Why We Abandoned Realtime Postgres for an In-Memory Grid

When designing TopGun v2, the initial instinct was to stand on the shoulders of giants. Why build a database engine when PostgreSQL exists?

Our first prototype was a “Realtime Layer” on top of Postgres. It relied on Logical Replication (WAL) to stream changes to clients, and standard SQL for queries. Ideally, it would have given us the best of both worlds: reliability of SQL + speed of Websockets.

The Problem with “Bolt-on” Realtime

In practice, the latency was the killer.

1. The Round Trip: A write had to go Client -> API -> Postgres -> Write Ahead Log -> Logical Decoding Plugin -> Realtime Service -> Client.
2. Latency Budget: For a UI to feel “instant,” you have ~100ms. The Postgres replication loop often exceeded this, especially under load. This meant we still needed optimistic UI updates on the client, complex rollback logic, and a lot of glue code.

The Flexibility Trap

The second issue was the Schema. In a Local-First world, clients often have slightly different versions of the application (e.g., a mobile app that hasn’t updated yet).

When your source of truth is a strict SQL schema:

• Migrations break old clients: Adding a NOT NULL column or changing a relationship can crash an older client that doesn’t know about it.
• Offline Auth is Hard: How do you authorize a user to edit a document when they are offline? You can’t run a SQL query. You need to replicate the permissions logic to the client.

The Solution: A Distributed In-Memory Grid

We realized that for a true realtime, offline-first experience, the primary source of data interaction had to be instant.

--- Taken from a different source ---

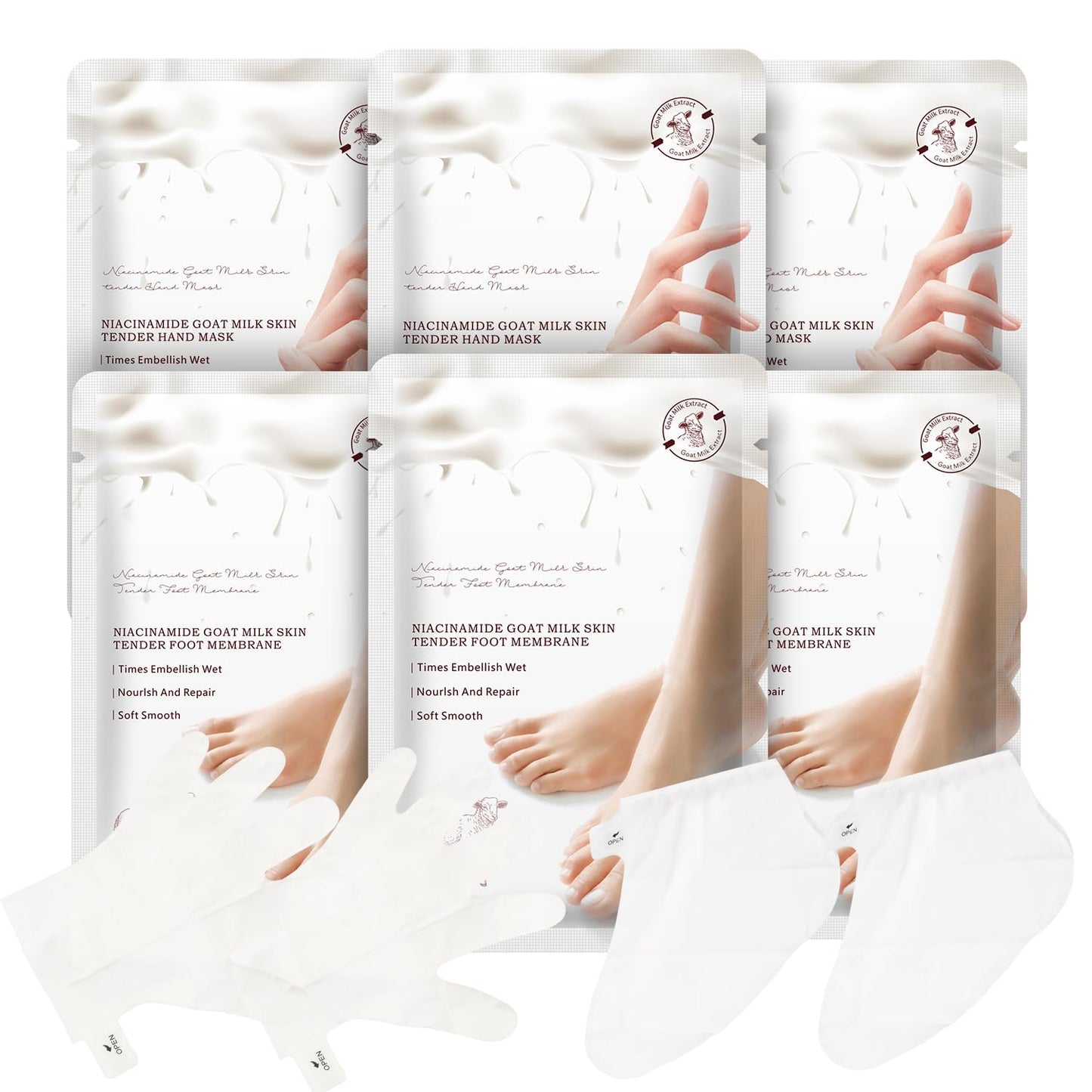 Hydrating Hand Foot Masks Set for Women Men,3 Pack Glove Mask for Dry Hand & 3 Pack Socks Mask for Dry Cracked Feet（Milk）-BrightBean Baby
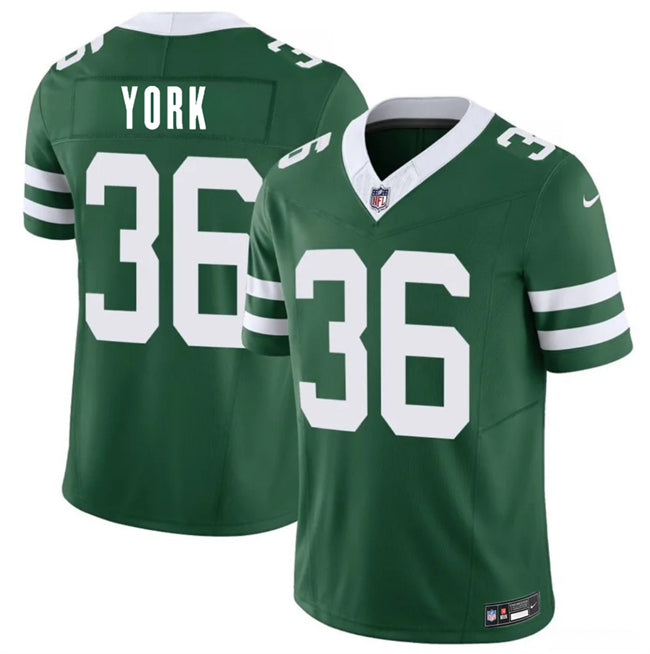 Mens New York Jets #36 Cade York Green 2026 FUSE Vapor Untouchable Limited Stitched Jersey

TopGun v2 flips the model:

1. Memory First: The active dataset lives in RAM on the TopGun server (or cluster).
2. Instant Reads: Reads don’t hit a disk. They are variable lookups. Latency = 0ms.
3. Async Persistence: Data is flushed to “Cold Storage” (Postgres, etc.) asynchronously. If the cold storage is slow, the user doesn’t feel it.
4. Protocol-based Auth: Permissions are rules-based and part of the protocol itself, meaning they work exactly the same online and offline.

This shift wasn’t easy—it meant rewriting the engine from scratch. But the result is a system that handles 10x the realtime throughput of our Postgres prototype, with zero perceived latency for the end user.